Concrete environments inherit from `HermesAgentBaseEnv` and implement:
- `setup()` -- Load dataset, initialize state
- `get_next_item()` -- Return the next item for rollout
- `format_prompt()` -- Convert a dataset item into the user message
- `compute_reward()` -- Score the rollout using ToolContext
- `evaluate()` -- Periodic evaluation logic

## Core Components

### Agent Loop (`agent_loop.py`)

`HermesAgentLoop` is the reusable multi-turn agent engine.
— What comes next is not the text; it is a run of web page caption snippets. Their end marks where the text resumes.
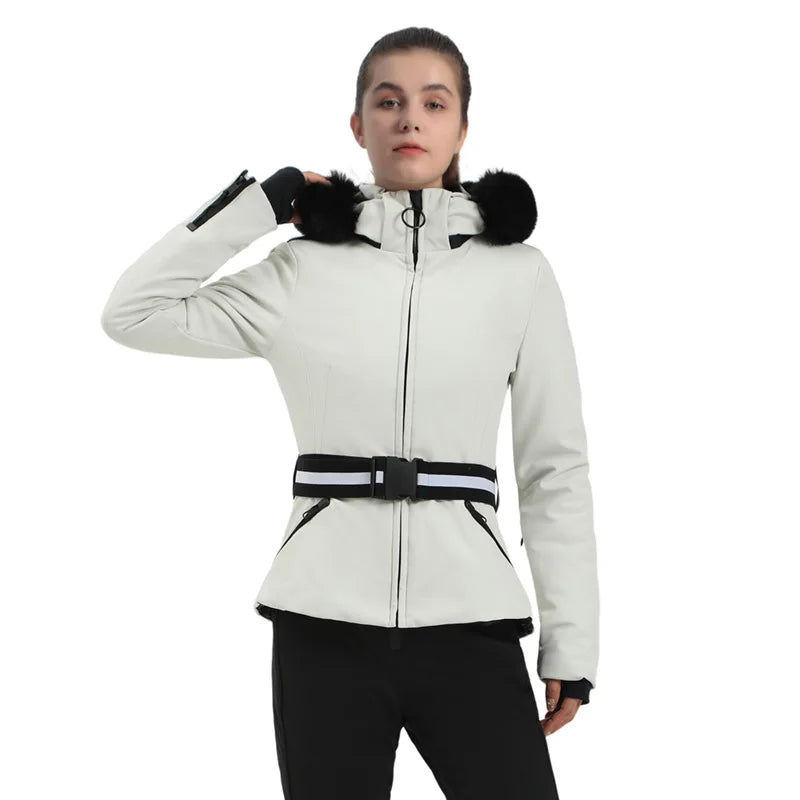 Women's patterned winter ski jacket structured fit bold contemporary print layered outerwear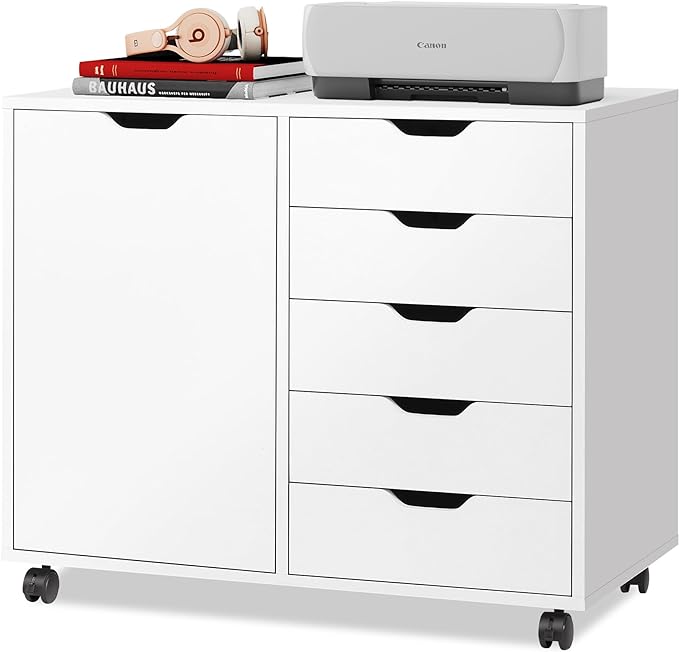 5-Drawer Wood Dresser Chest with Door, Mobile Storage Cabinet, Printer Stand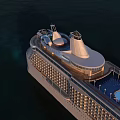 Luxury Yacht with Helicopter on Deck Sailing on Calm Sea Under Blue Sky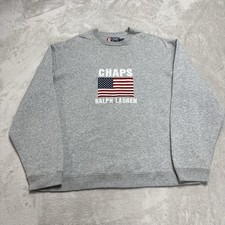 Chaps Ralph Lauren American Flag Embroidered Crewneck Sweatshirt Gray XL Vintage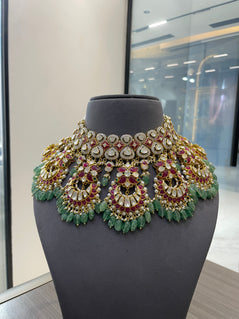 925 Silver Adhirani Ruby Pallav Heavy Bridal Necklace Set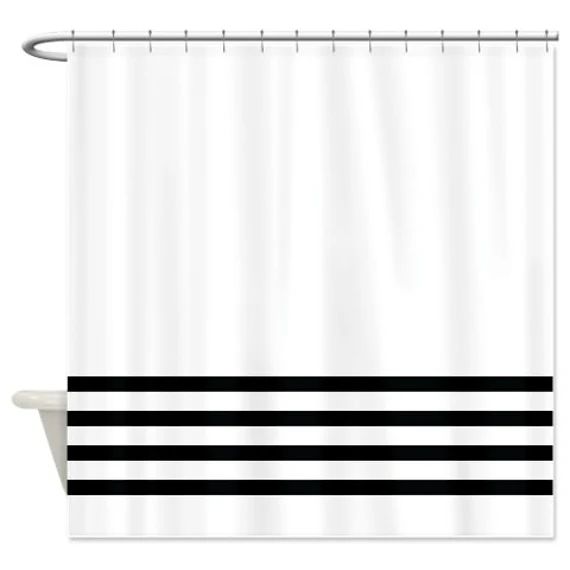 Striped Shower Curtain-white With Black Stripes OR Customize - Etsy | Etsy (US)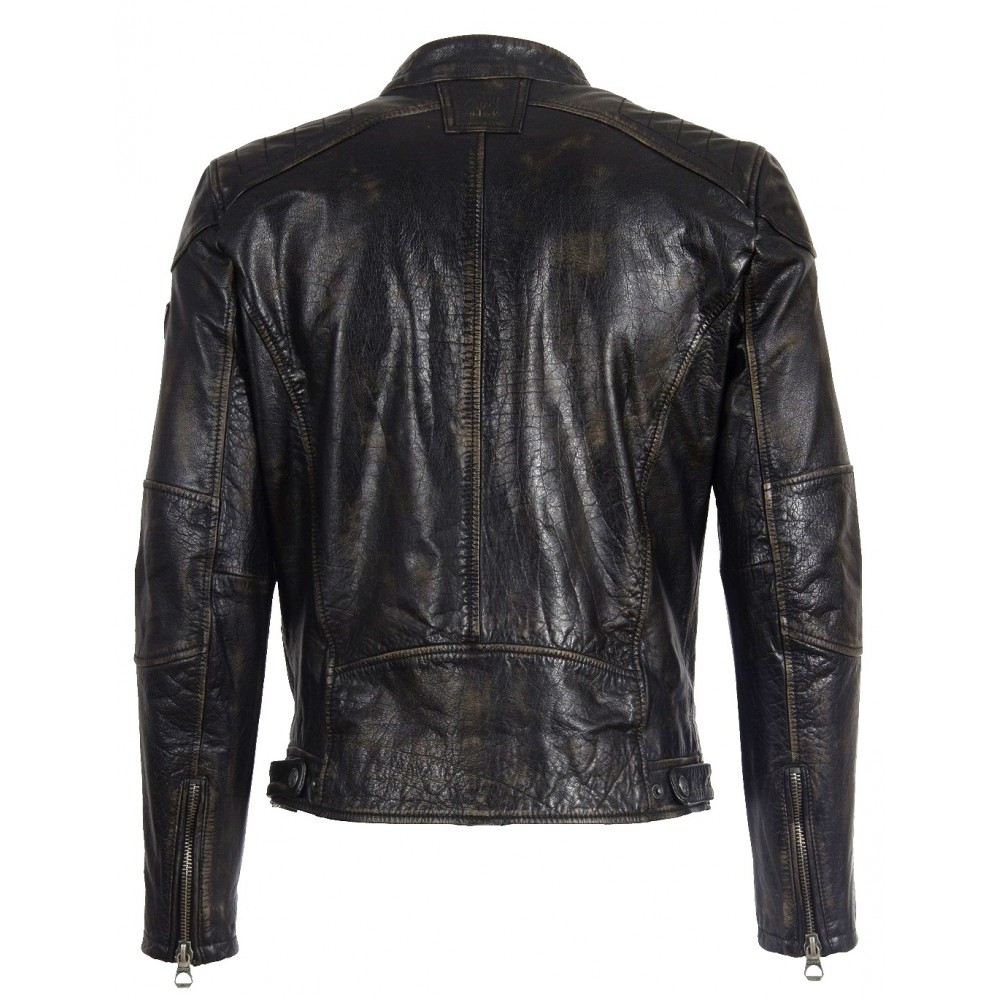 Geaca de Piele Naturala Barbati Gipsy Negru-Bej Vincent BASV Geaca de Piele Naturala Barbati Gipsy Negru-Bej Vincent BASV - readytowear.ro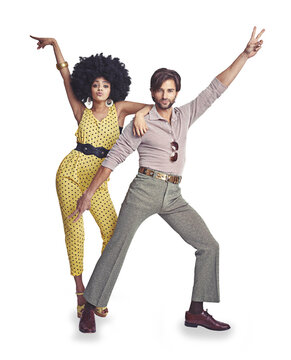 Retro, fashion and disco couple isolated on transparent png background, dance and funky party portrait together. Vintage club culture, man and woman dancer in celebration with energy, fun and smile.
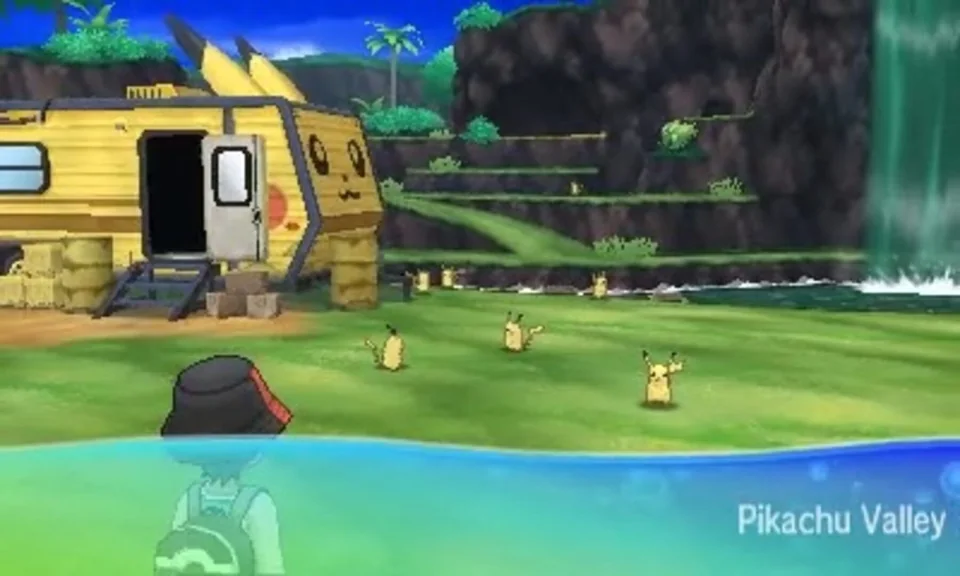 Pokémon Ultra Moon screenshot: cel-shaded, stylized 3d, three-quarter, third-person, top-down, black outlines, two-tone cel (environment, character)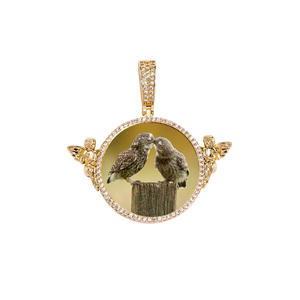 Hip Hop DIY Custom Photo Frame Bling Brass Iced Out Full CZ Zircon Double Little Angels Circle Memory Picture Pendant Necklaces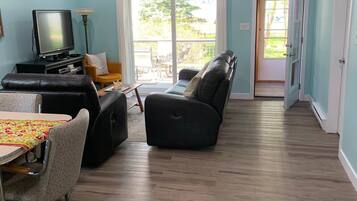 Smart TV, fireplace, DVD player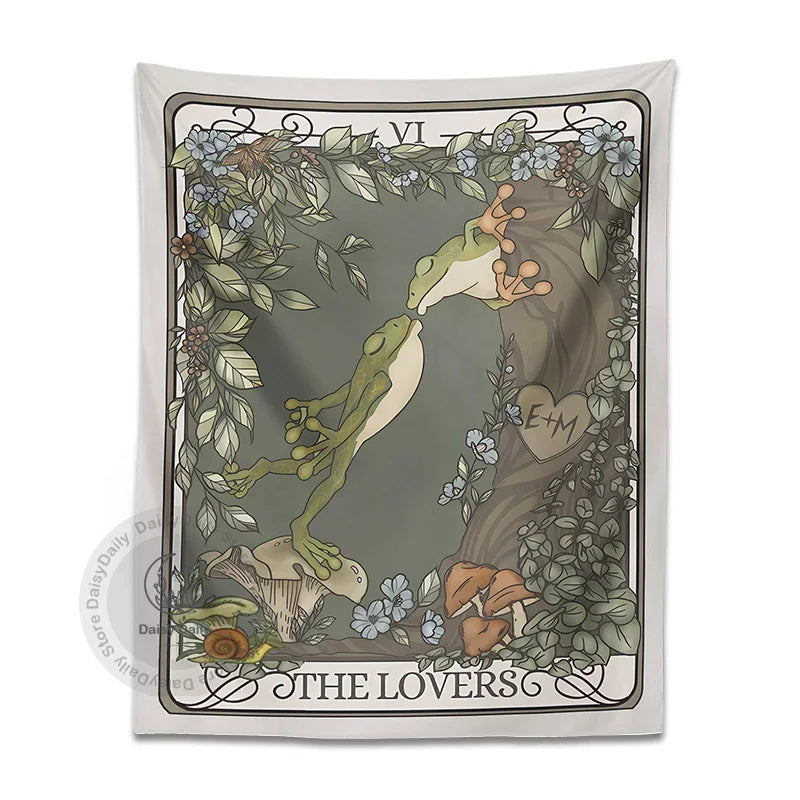 DecorBites™ Frog Lover Tarot Tapestry: Cute Boho Room Decor & Bedroom Wall Hanging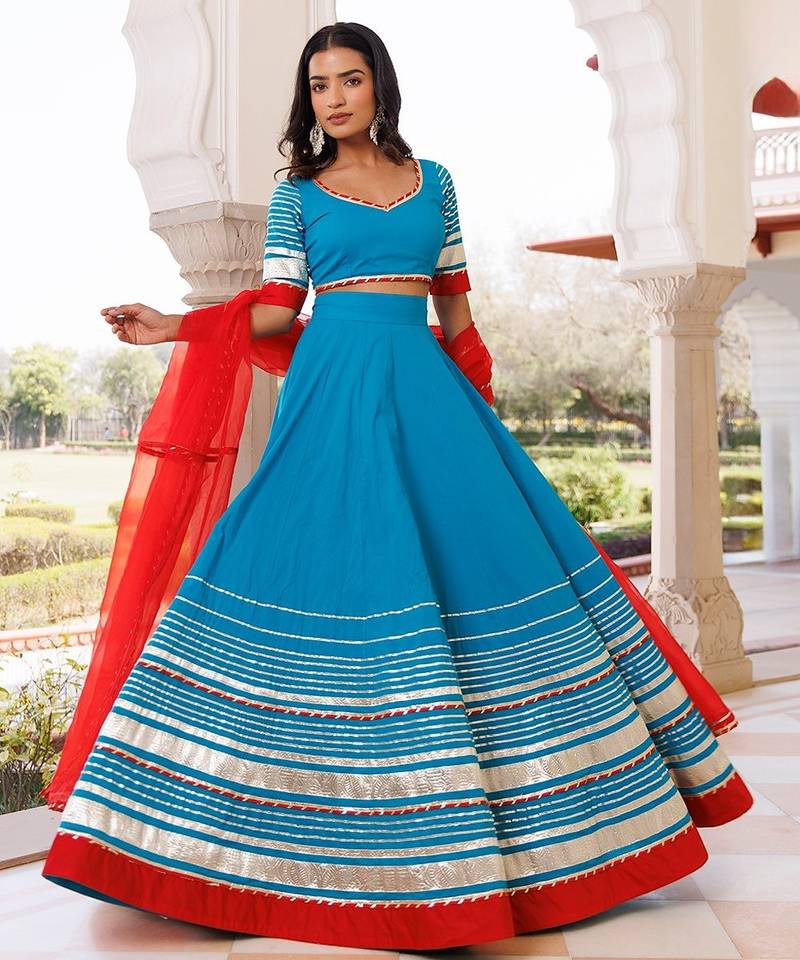 Palace Blue and Red Cotton Lehenga Set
It runs the same pattern as hermes-agent's `run_agent.py`:

1. Send messages + tools to the API via `server.chat_completion()`
2. If the response contains `tool_calls`, execute each one via `handle_function_call()` (which delegates to `tools/registry.py`'s `dispatch()`)
3. Append tool results to the conversation and go back to step 1
4. If the response has no tool_calls, the agent is done

Tool calls are executed in a thread pool (`run_in_executor`) so backends that use `asyncio.run()` internally (Modal, Docker) don't deadlock inside Atropos's event loop.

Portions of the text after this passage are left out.